● **EXERCISE INSTRUCTIONS**: Type out the data exactly as given. Skip any image.

● **INFORMATION SHOWN**:
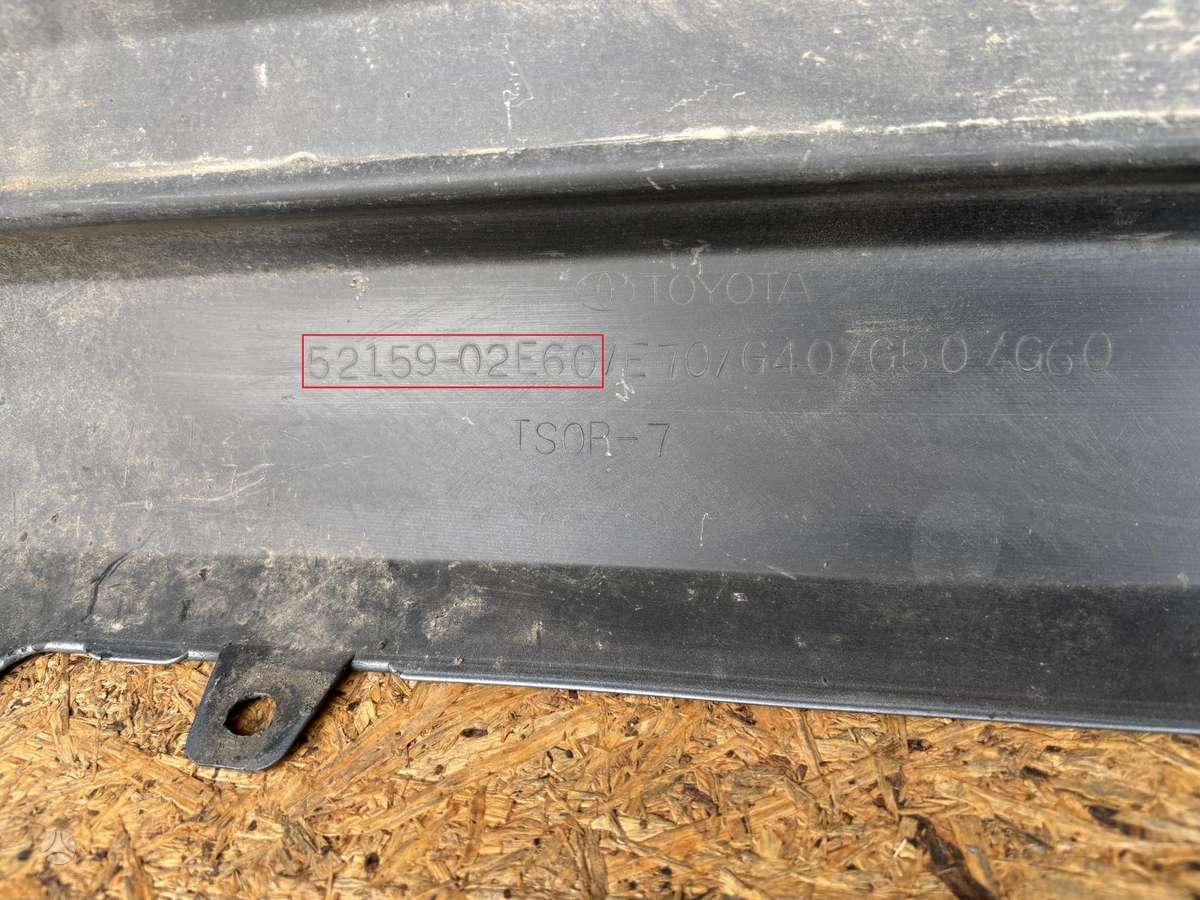 Toyota Corolla, 5215902E60, Cen28121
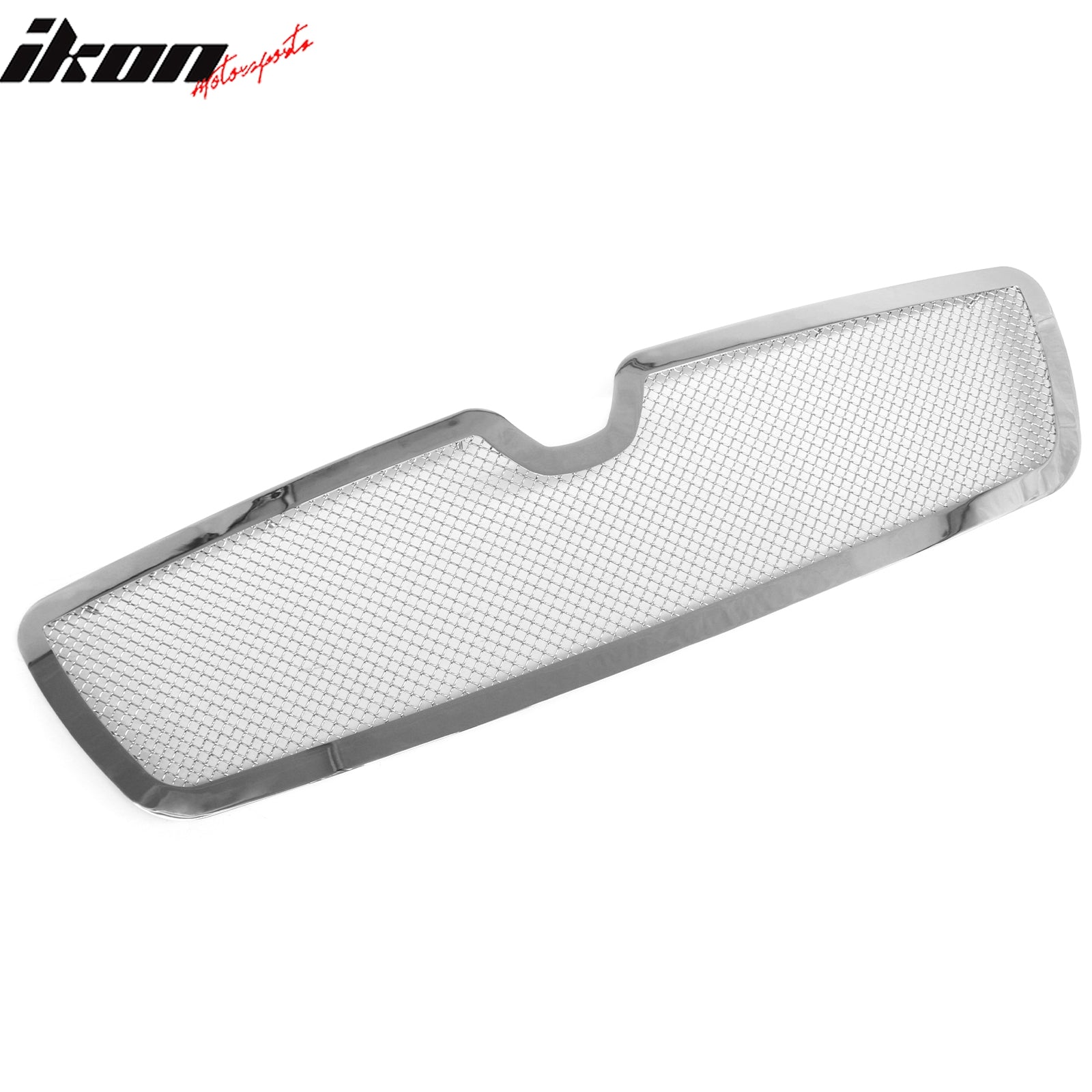 Fits 2003-2006 Lincoln Navigator Front Grille Chrome Stainless Steel Mesh Style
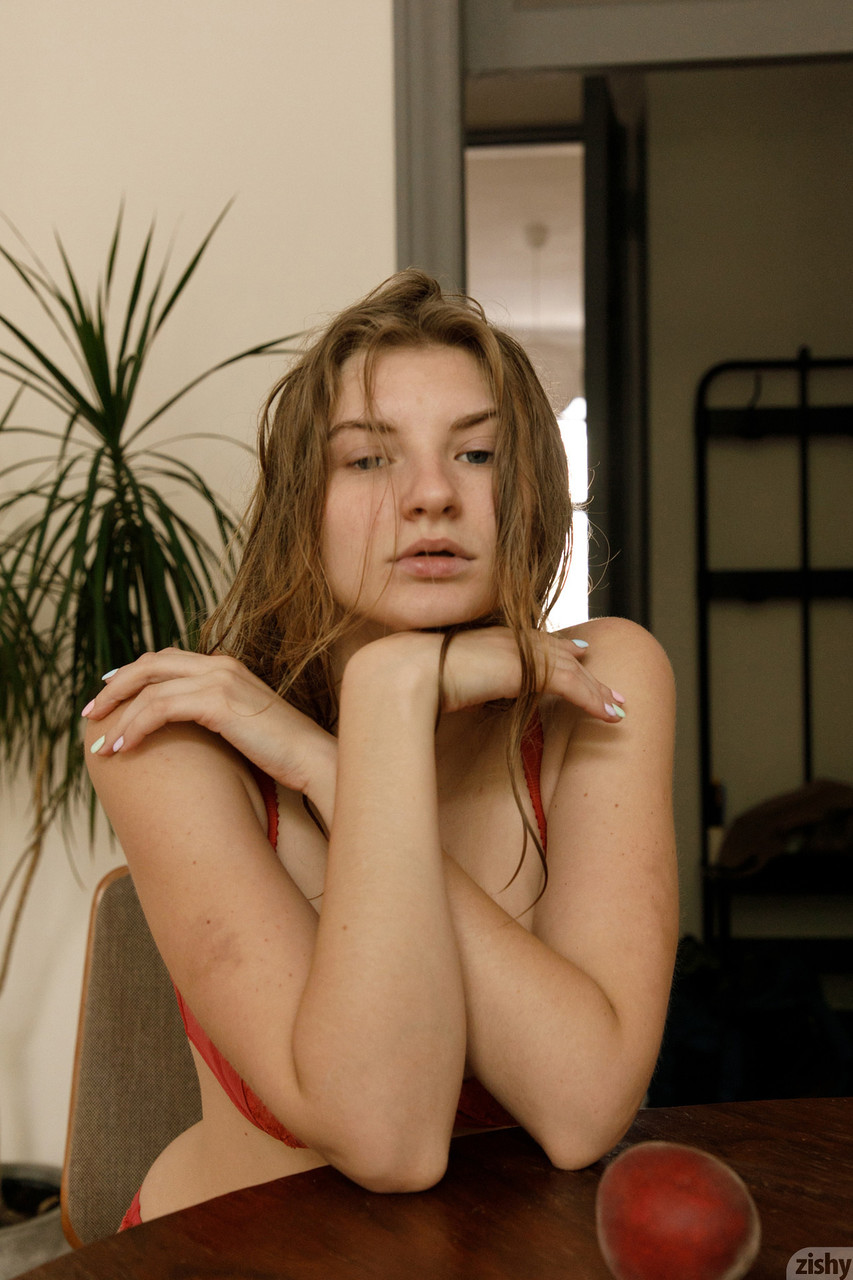 Regan Budimir’s Big Tits Glow on Couch in Lingerie Tease Regan Budimir’s Big Tits Glow on Couch in Lingerie Tease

● **EXERCISE RESULT**:
 Toyota Corolla, 5215902E60, Cen28121
 Fits 2003-2006 Lincoln Navigator Front Grille Chrome Stainless Steel Mesh Style
 Regan Budimir’s Big Tits Glow on Couch in Lingerie Tease Regan Budimir’s Big Tits Glow on Couch in Lingerie Tease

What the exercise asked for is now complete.